You can sometimes get away with refining a lengthy prompt template and combining multiple stages, but you run the risk of something going off the rails in an early stage and needing to fix it anyway. I find an iterative approach is most effective.
Truthfully, sometimes writing the prompt ends up taking as long as it would have taken to write the post in the first place, but the goal is repetition, not single-instance creation, so it can still be better over time.
Review and edit the content.
If you take any piece of advice from this entire post, let it be this one. AI content is always in need of editing to add the human touch to it. Your goal is to edit and revise your content in a variety of ways, aimed both at “fooling” the AI detectors and at improving the content.
AI makes mistakes, AI hallucinates, and AI can generate absolute nonsense. Your job is to know enough about your subject to avoid those problems.
- Ensure the tone, POV, and voice are consistent. This is less of a problem these days than it used to be, and your prompts will generally include tone and voice instructions, but you still need to review it because the AI doesn’t actually know what a tone is or what a POV is, just what words are tagged with those identifiers in the training data.
- Relatedly, make sure the tone, POV, and voice are consistent across blog posts. Unless you have multiple “authors” on your site, ostensibly, everything is written by the same person and should have the same voice.

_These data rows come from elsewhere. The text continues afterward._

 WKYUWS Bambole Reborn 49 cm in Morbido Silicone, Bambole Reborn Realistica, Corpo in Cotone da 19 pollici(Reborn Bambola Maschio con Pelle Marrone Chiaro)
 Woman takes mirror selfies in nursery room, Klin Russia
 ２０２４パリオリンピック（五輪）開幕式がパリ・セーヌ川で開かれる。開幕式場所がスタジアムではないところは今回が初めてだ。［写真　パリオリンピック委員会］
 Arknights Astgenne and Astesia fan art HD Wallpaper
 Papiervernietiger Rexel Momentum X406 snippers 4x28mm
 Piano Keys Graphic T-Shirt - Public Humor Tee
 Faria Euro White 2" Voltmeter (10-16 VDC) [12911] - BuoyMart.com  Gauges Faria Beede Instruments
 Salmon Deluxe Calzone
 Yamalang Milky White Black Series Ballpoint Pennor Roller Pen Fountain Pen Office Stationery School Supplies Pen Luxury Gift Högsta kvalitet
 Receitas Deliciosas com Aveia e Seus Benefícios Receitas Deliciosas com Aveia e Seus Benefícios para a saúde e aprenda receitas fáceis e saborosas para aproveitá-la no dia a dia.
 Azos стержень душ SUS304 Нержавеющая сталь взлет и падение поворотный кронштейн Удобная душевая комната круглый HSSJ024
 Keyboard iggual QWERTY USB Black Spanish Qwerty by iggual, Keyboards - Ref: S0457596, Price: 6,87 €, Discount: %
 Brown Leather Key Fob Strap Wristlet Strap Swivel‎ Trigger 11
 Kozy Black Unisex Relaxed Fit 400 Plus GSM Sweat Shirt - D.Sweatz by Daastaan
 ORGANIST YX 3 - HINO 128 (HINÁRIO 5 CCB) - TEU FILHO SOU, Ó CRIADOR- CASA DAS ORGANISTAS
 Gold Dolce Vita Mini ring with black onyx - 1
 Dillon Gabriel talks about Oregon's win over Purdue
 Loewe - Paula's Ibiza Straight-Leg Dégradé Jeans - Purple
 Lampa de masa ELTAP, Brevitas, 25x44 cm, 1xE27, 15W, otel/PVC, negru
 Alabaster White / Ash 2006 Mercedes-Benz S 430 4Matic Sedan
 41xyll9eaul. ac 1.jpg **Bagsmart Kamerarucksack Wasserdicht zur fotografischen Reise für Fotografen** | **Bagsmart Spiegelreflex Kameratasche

- Add your expertise in the subject. At some level, your content needs to be unique and valuable, and the AI can’t do that for you without hallucinations. You need to be able to add your own expertise.
- Check for inaccuracies. Hallucinations are a huge problem and one of the biggest tells of AI content. They also wreck the credibility of a blog and can hurt your whole site. Fact-check your posts!
- Add personal anecdotes. Having personal experience to relate to always helps. I find that a few first-person interjections also help liven up blog posts and make them feel more casual for readers to enjoy.
Most of this is reflected in EEAT, the Expertise, Experience, Authoritativeness, and Trustworthiness metrics Google has been pushing for the last few years.
Add internal and external links.
One thing the AI can’t usually do is add links. Fortunately, adding source links isn’t difficult, though it is time-consuming.
Just go through your posts and look for chances where you can add internal and external links. There are also ways to add internal links automatically, though I don’t recommend it for external links.
Add images and other media (that aren’t generated).
Well-done AI-generated content can slip under the radar, and if it’s fact-checked, it doesn’t hugely matter if it was substantially generated rather than written as far as the audience is concerned. AI-generated images, on the other hand, are a huge tell, a huge loss of credibility, and a significant hit to the value of your site. Despite recent advances, most AI image generation is still grody.
On top of that, courts have recently reaffirmed that AI images can’t be copyrighted, which can be an issue down the line.
So, enrich your posts with images and other media that add value and don’t drag you down.
Only when all of this is done will you have blog posts that have a chance to rank. Even then, you have all of the usual challenges – competition, promotion, technical SEO, etc. – to confront. You just have to do all of the above to have a place on the playing field.